### Material for this exercise:
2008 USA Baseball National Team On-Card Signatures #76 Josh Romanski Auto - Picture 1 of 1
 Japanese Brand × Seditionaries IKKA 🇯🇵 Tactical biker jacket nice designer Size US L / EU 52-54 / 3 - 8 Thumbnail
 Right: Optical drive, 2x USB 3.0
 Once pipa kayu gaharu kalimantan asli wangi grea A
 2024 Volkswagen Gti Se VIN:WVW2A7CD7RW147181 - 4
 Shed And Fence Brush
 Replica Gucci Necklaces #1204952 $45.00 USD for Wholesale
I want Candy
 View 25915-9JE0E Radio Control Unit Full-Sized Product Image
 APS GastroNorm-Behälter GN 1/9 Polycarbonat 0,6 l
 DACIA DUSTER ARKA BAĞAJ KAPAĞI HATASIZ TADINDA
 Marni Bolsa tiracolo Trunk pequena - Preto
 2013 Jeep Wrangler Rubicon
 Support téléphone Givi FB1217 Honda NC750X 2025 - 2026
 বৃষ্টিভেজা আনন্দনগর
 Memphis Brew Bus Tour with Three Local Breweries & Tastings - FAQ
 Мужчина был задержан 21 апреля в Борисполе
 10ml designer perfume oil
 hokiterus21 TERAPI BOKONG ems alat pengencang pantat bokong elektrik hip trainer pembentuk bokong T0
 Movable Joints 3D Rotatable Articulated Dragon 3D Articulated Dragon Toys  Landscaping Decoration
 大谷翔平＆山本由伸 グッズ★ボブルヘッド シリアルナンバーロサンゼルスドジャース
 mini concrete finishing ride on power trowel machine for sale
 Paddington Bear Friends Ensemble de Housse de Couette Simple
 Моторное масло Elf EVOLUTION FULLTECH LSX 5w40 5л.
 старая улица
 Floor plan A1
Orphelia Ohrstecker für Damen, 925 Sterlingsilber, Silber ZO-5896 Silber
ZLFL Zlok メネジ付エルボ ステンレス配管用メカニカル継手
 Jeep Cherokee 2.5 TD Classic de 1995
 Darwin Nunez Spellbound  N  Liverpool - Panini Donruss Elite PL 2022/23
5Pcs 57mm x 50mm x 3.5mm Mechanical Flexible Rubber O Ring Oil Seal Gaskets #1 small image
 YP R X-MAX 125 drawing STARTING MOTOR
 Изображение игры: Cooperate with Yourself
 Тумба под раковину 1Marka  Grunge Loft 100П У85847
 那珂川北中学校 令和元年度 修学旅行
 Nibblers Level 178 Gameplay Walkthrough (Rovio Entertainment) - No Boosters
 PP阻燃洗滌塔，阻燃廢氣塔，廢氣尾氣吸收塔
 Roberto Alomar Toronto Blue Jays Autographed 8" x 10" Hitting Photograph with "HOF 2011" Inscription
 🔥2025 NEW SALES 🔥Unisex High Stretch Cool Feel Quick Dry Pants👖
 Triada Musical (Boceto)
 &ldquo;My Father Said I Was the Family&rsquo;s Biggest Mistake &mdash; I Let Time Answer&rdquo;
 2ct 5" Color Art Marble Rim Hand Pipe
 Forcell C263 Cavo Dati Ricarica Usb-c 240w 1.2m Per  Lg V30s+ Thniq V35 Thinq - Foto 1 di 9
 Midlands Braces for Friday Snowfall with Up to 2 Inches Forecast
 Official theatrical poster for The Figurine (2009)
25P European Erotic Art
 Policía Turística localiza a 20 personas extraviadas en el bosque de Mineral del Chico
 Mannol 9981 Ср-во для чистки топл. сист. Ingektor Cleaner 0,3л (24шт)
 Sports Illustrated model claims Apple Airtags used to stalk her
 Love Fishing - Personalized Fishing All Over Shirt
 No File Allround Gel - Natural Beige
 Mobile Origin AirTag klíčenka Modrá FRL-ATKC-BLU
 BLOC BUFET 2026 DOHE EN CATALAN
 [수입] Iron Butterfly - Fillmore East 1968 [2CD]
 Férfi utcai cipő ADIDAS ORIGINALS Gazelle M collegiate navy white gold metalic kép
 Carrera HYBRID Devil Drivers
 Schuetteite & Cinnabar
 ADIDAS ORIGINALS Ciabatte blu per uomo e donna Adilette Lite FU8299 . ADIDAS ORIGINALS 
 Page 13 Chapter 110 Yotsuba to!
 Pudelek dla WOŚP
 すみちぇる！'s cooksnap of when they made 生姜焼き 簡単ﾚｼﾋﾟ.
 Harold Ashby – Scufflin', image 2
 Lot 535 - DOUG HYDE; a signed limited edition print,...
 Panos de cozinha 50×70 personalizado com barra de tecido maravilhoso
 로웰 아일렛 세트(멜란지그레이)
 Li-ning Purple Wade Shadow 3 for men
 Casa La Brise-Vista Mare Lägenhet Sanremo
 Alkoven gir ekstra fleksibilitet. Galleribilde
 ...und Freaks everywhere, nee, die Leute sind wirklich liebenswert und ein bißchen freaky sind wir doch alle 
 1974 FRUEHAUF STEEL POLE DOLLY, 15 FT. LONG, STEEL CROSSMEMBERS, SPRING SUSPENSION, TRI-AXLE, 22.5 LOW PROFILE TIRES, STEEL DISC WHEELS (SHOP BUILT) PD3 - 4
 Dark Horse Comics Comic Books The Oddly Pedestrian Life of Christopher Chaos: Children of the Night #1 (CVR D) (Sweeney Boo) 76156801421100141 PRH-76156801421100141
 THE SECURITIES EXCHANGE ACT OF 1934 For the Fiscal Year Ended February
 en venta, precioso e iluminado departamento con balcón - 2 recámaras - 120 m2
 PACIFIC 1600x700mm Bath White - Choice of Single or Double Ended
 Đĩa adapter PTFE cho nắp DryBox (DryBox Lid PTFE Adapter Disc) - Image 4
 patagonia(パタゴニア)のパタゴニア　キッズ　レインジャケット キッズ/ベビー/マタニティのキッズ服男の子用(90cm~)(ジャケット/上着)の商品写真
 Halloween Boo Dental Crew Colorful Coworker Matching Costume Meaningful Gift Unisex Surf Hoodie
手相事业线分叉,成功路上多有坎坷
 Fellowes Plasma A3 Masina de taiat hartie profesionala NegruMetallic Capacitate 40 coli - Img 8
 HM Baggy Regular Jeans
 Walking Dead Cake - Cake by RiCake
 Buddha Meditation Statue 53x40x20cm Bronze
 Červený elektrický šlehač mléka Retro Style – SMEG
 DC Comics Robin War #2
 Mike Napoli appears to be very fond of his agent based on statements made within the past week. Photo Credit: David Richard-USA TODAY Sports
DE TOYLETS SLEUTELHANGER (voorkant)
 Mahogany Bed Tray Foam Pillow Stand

### Task instructions:
Return only the lines above that run from the opening line through the line containing "Right: Optical drive, 2x USB 3.0", exactly as written.

### Written reply:
2008 USA Baseball National Team On-Card Signatures #76 Josh Romanski Auto - Picture 1 of 1
 Japanese Brand × Seditionaries IKKA 🇯🇵 Tactical biker jacket nice designer Size US L / EU 52-54 / 3 - 8 Thumbnail
 Right: Optical drive, 2x USB 3.0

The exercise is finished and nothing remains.